2. Перформативная практика и современный перформанс
Чтобы выявить наиболее важные черты перформативной практики позднего Средневековья, имеет смысл сопоставить ее с такой формой авангардного искусства, как перформанс. Уже на первый взгляд оба явления очень похожи, ведь там и здесь изобразительным средством является поведение автора. И изображает он этим средством не кого-то другого (тогда это была бы драма, именно литургическая и полулитургическая, в которую перформативная практика никогда не перерождается), но себя самого, вернее же свой, в соответствии с теми или иными принципами, идеализированный (типизированный) образ. Общим является также и то, что оба феномена, как старый, так новый, представляют собой импровизации — произведения, создаваемые в процессе их исполнения. В этом качестве они совмещают в себе спонтанность и жесткую организованность. Организованной является парадигма предзаданных и подлежащих разыгрыванию смыслов (скриптов), спонтанным — синтагматическое разворачивание смыслов, само их разыгрывание. Такое совмещение имеет место при подготовленной импровизации, но не при неподготовленном экспромте. На этих — впрочем, вероятно, самых существенных — моментах сходство двух феноменов заканчивается, и на его фоне проступают немаловажные различия.
Взять хотя бы отношение авангардного перформанса и старой перформативной практики к смежным видам искусства: изобразительному, литературному и театральному (пение, декламация, танец и прочее). Перформанс — произведение синтетическое (Gesamtkunstwerk), созданное волевым усилием из различных жанров и видов искусства. Старая перформативная практика — произведение синкретическое, использующее выразительные формы до их расчленения и разведения в разные области творчества. Ведь именно о синкретическом характере этой практики свидетельствует снятие всех оппозиций: оригинальности и подражательности, аутентичности и плагиата, индивидуального стиля и идиолекта, устности и письменности. Подобные альтернативы, как и противопоставление поведения и вербального текста, в рамках изучаемой нами традиции оказываются нерелевантными. Вместе с тем синкретическая сама по себе перформативная практика время от времени пользуется, как об этом свидетельствуют произведения Г. Сузо, смежными формами: настенной и станковой живописью (см.: ГС 53, 87), жанрами паремий (см.: ГС 87—89, 129—134), плачей Богородицы (см.: ГС 153, 203—204) и другими.
Кроме этого, следует различать меру вовлеченности в миметическую деятельность. В современном перформансе она невелика, ограничена во временном и в пространственном отношениях. В перформативной практике средних веков эта мера почти абсолютна. Миметическая деятельность длилась большую часть жизни харизматика, поглощая ее почти без остатка. Средневековая перформативная практика — не что иное, как жизнь в мифе, в постоянном воспроизведении его протосюжета, с учетом его базовых смыслов и ценностей.

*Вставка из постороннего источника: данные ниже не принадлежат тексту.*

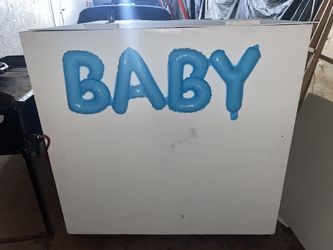 Gender reveal box
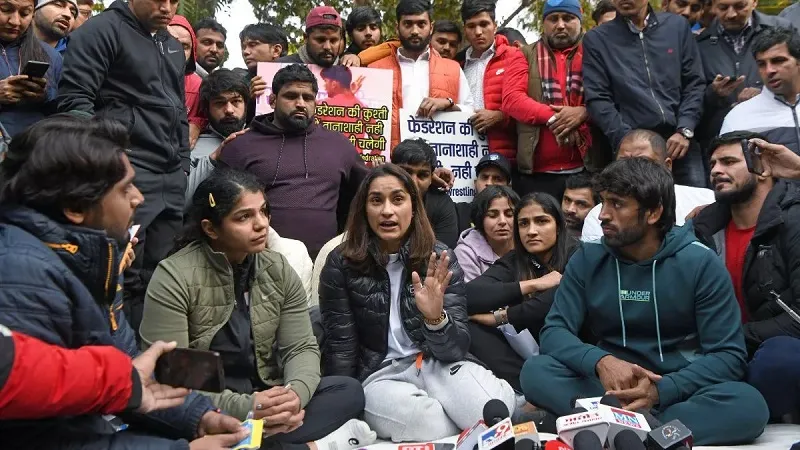 WFI Dispute : पहलवानों की मांग... डब्ल्यूएफआई अध्यक्ष के खिलाफ जांच के लिए जांच समिति का हो गठन, IOA अध्यक्ष पीटी उषा को लिखा पत्र 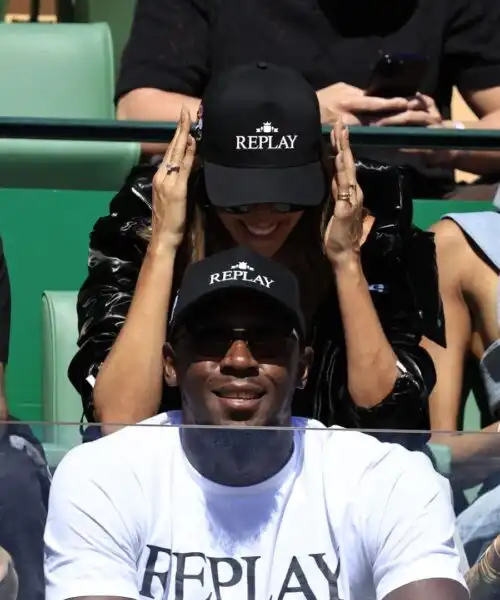Usain Bolt scherza con Melissa Satta e Cindy Bruna in tribuna a Monte Carlo: le foto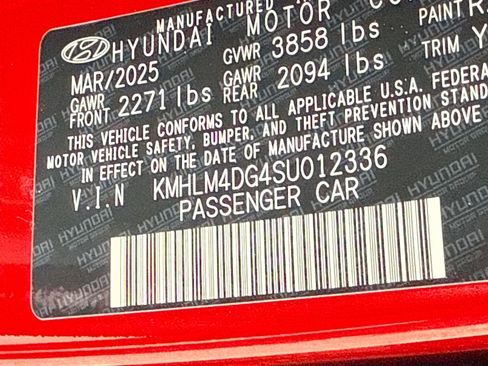 Certified 2025 Hyundai Elantra Sport image 30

Если она (с ее самобичеваниями, разведением на себе червей и поеданием чужой мокроты) кажется странной, то такую странность следует приписать образу мира, в который она вписана. Сама же она очень рациональна, логически выводима из этого образа, тонко настроена на него. По существу, старая перформативная практика представляет собой идеальное воплощение культурной жизни, способ и форму жизни в культуре. Что же касается авангардного перформанса, то он не обоснован соответствующим мифом, за ним не стоит образа мира, сколько-нибудь отличного от образа мира повседневной жизни.

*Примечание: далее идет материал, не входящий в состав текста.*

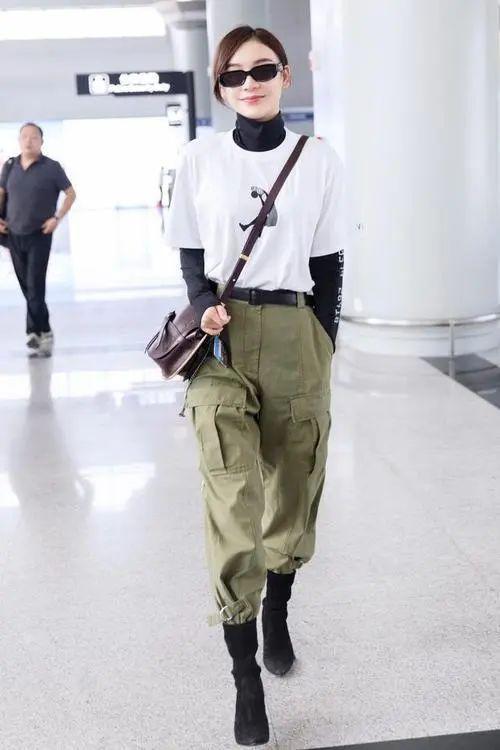 清爽颯氣工裝風(fēng) 當(dāng)女孩穿上工裝，帥氣與迷人完美交融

Современный перформанс имеет четыре образующих его элемента: время, место, тело акциониста, отношение акциониста и зрителя. Применительно к старой перформативной практике последний элемент должен быть пересмотрен, ведь зрителем харизматика, по его мнению, был сам Бог. «Я показала оное Богу» («Ich zeigte es gotte») — обычное замечание Элсбет фон Ойе (Aut. 19, 6—7). Образный ряд, оформлявший собой перформативную практику, никогда не обращался вовне к зрителям, но всегда вовнутрь, наносился на теле, исподней одежде, стенах келий, частных часовен, на бумагах из личного скарба. Затем, однако, следовал разворот к публике. Тайны Божьи, сообщенные наедине харизматику, раскрываются людям ради их же спасения. Харизматик — посредник между Богом и миром, а не единоличный держатель божественных тайн. Но сама по себе перформативная практика Средневековья, несмотря на свою массовость и, так сказать, «эпидемический» характер, была строго индивидуальным явлением, разворачиваясь лишь между Богом и харизматиком. В этом также ее отличие от авангардного перформанса, который может исполняться несколькими акционистами.